Rad Mobile, a verdadeira primeira aparição de Sonic.

Enredo de Sonic the Hedgehog

A aventura de Sonic se passa na Ilha do Sul, lugar muito pacífico e com uma rica fauna e flora. Tudo ia bem até o dia em que um ambicioso cientista, Dr. Eggman, ficou sabendo que lá estavam as lendárias Esmeraldas do Caos, joias mágicas fonte de uma energia incalculável.

Ao chegar na misteriosa ilha, Eggman começa a capturar os animais da região e prendê-los dentro de seus robôs, criando, assim, seu exército, os Badniks, para que juntos encontrem as poderosas esmeraldas e começar os planos de dominar o mundo. Ao saber o que estava ocorrendo na Ilha do Sul, Sonic parte para arruinar os planos do doutor louco, libertar seus amigos e restabelecer a paz.

Jogar ‘dentro’ da Green Hill, em seu segundo ato, foi uma sacada muito boa.

Curiosidade: O Master System não teve muito sucesso no Japão e nos Estados Unidos, por isso Sonic The Hedgehog foi o último jogo lançado para o console nos EUA e sequer foi distribuído no mercado japonês.

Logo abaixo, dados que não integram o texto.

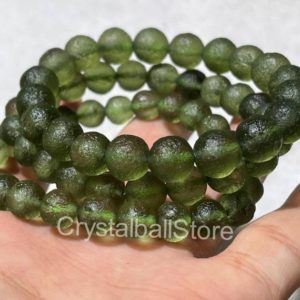 100% Natural Certified Moldavite Bracelet / Genuine Moldavite / Raw Moldavite Beads / Authentic Moldavite/ Moldavite From Czech Republic | Natural genuine Moldavite bracelets. Buy crystal jewelry, handmade handcrafted artisan jewelry for women.  Unique handmade gift ideas. #jewelry #beadedbracelets #beadedjewelry #gift #shopping #handmadejewelry #fashion #style #product #bracelets #affiliate #ad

Sorte dos americanos que tiveram contato com este grande título e pena dos japoneses que, apesar de terem feito este grande game, não tiveram o prazer de jogá-lo.

As Fases de Sonic the Hedgehog para Master System

Em Sonic the Hedgehog para Master System, temos 6 fases com 3 atos cada, assim como no Mega Drive, sendo que no terceiro ato de cada fase há nosso confronto com o vilão da franquia, Dr. Eggman. Nestes combates contra os chefes temos um fator diferente: nestes atos não existem anéis para serem coletados, o que faz destas batalhas mais difíceis, em regra, do que as do console 16 bits.

Algumas fases possuem a mesma temática da versão de Mega Drive, como ambas possuírem uma Green Hill Zone, apesar de seu level design estar completamente diferente. Outras são totalmente inéditas, como o caso de Bridge e Jungle Zone, todas muito divertidas.

  • Green Hill Zone: A mais clássica fase da franquia Sonic está aqui, sendo bastante rápida em seu primeiro ato e de exploração no segundo. Foi uma sacada muito boa jogarmos abaixo da Green Hill no segundo ato desta primeira fase. Curiosamente, Sonic Mania fez algo semelhante muitos anos depois. Um destaque, que poucos sabem, é que nesta fase se encontra o único ‘power sneakers’ (tênis que dá velocidade) presente em todo o jogo.

A típica primeira fase dos jogos do Sonic: rápida e divertida.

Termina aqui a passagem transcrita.